> **About this task**:
Once you have found the line with "Vibrator Couples Choice" in the records below, retype it and every line after it to the end exactly, with no pictures and nothing more.

§

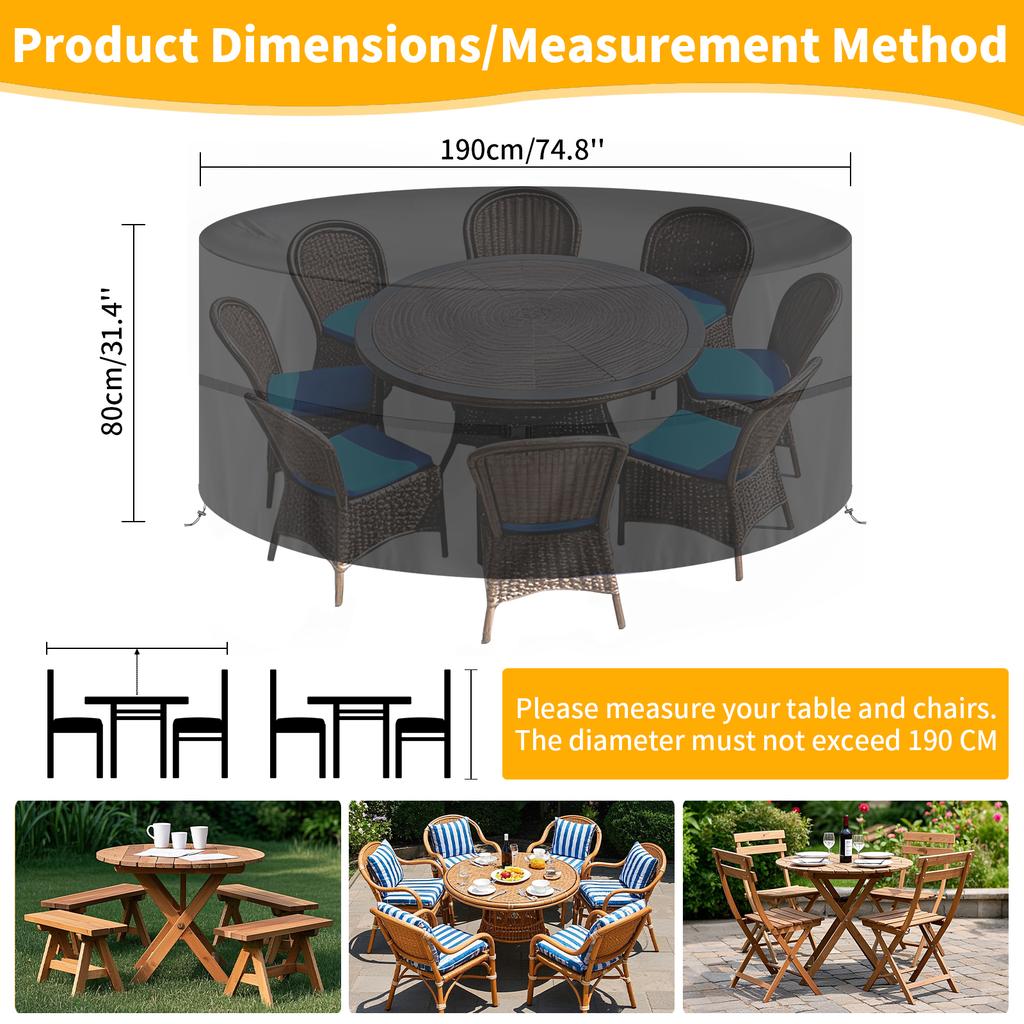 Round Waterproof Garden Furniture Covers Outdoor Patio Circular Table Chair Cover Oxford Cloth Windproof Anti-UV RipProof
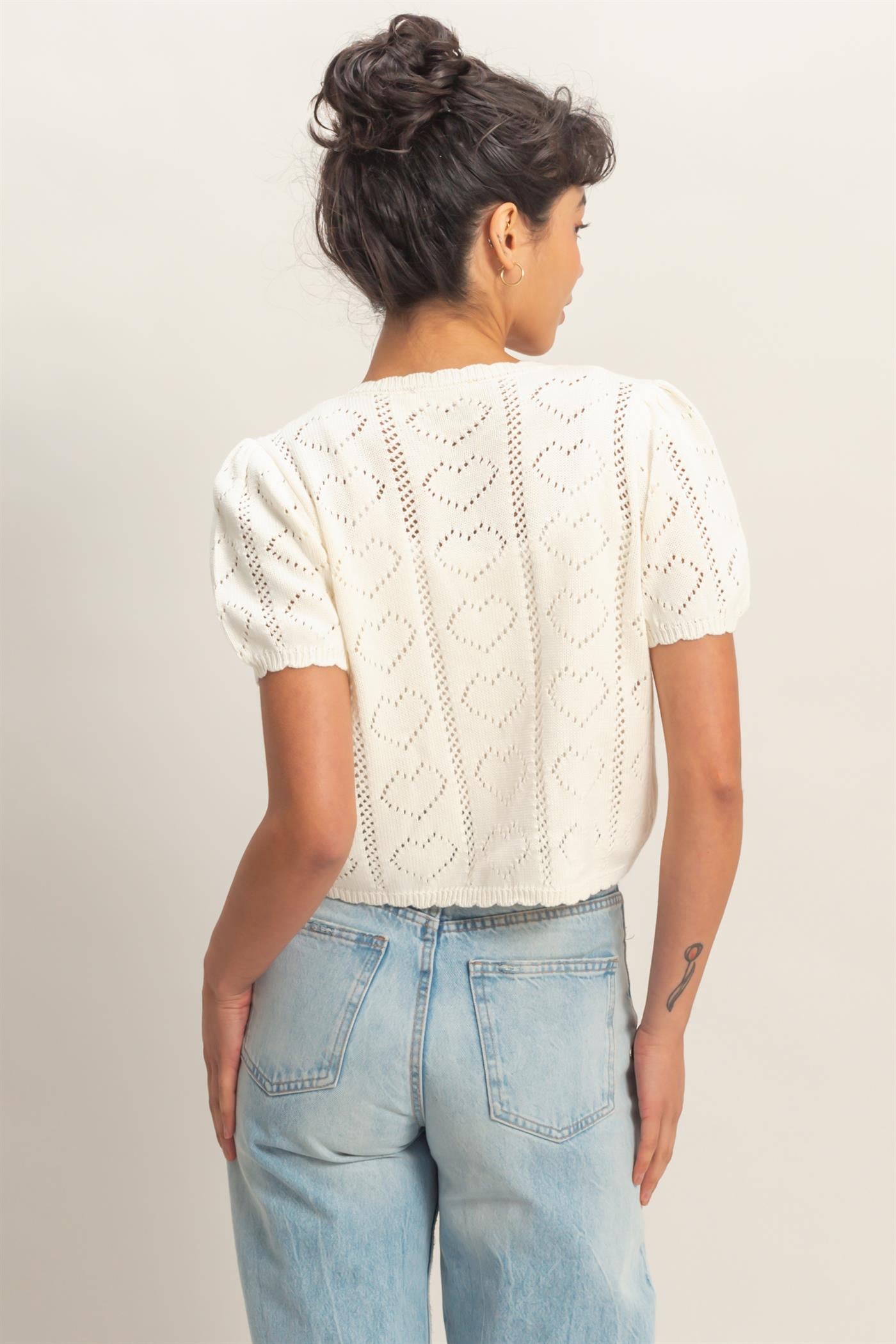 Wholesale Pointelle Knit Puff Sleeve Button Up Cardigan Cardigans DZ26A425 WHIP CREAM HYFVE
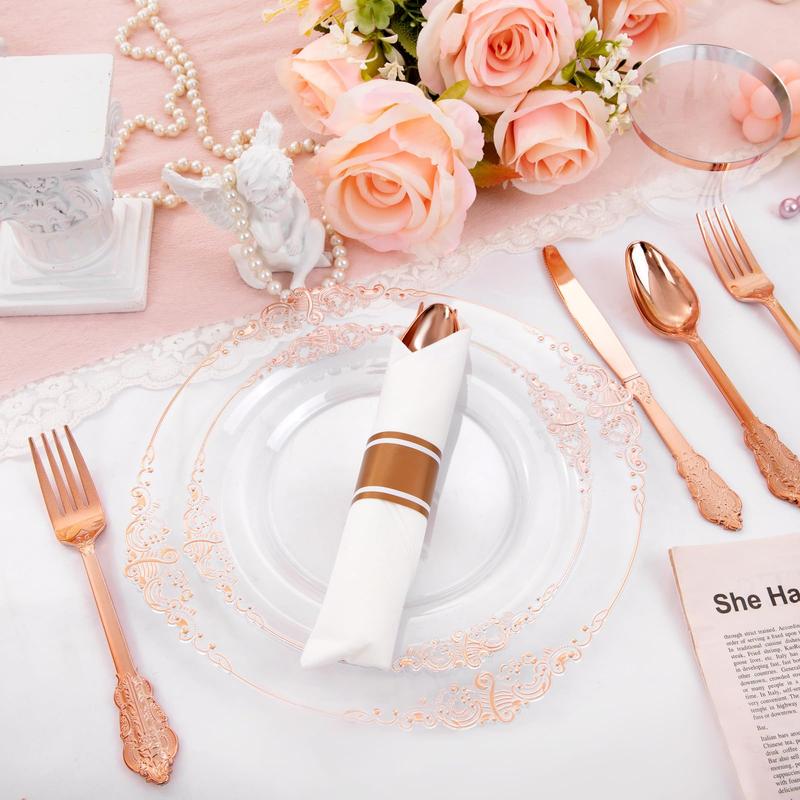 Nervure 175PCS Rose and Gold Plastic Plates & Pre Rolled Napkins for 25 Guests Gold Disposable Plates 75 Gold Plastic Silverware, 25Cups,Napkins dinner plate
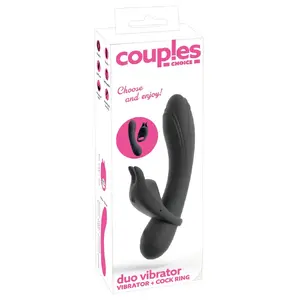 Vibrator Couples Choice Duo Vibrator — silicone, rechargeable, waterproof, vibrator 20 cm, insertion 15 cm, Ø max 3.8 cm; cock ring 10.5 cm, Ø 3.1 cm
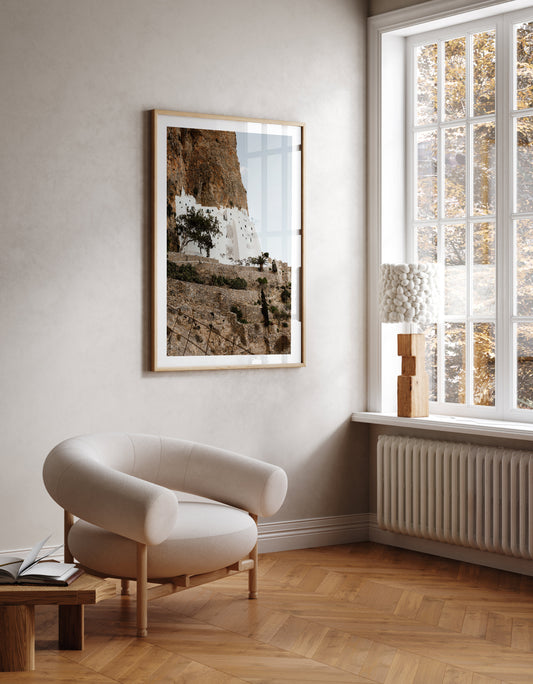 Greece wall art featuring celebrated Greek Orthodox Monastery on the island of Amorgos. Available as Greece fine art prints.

§

> **Solved problem**:
 Vibrator Couples Choice Duo Vibrator — silicone, rechargeable, waterproof, vibrator 20 cm, insertion 15 cm, Ø max 3.8 cm; cock ring 10.5 cm, Ø 3.1 cm
 Greece wall art featuring celebrated Greek Orthodox Monastery on the island of Amorgos. Available as Greece fine art prints.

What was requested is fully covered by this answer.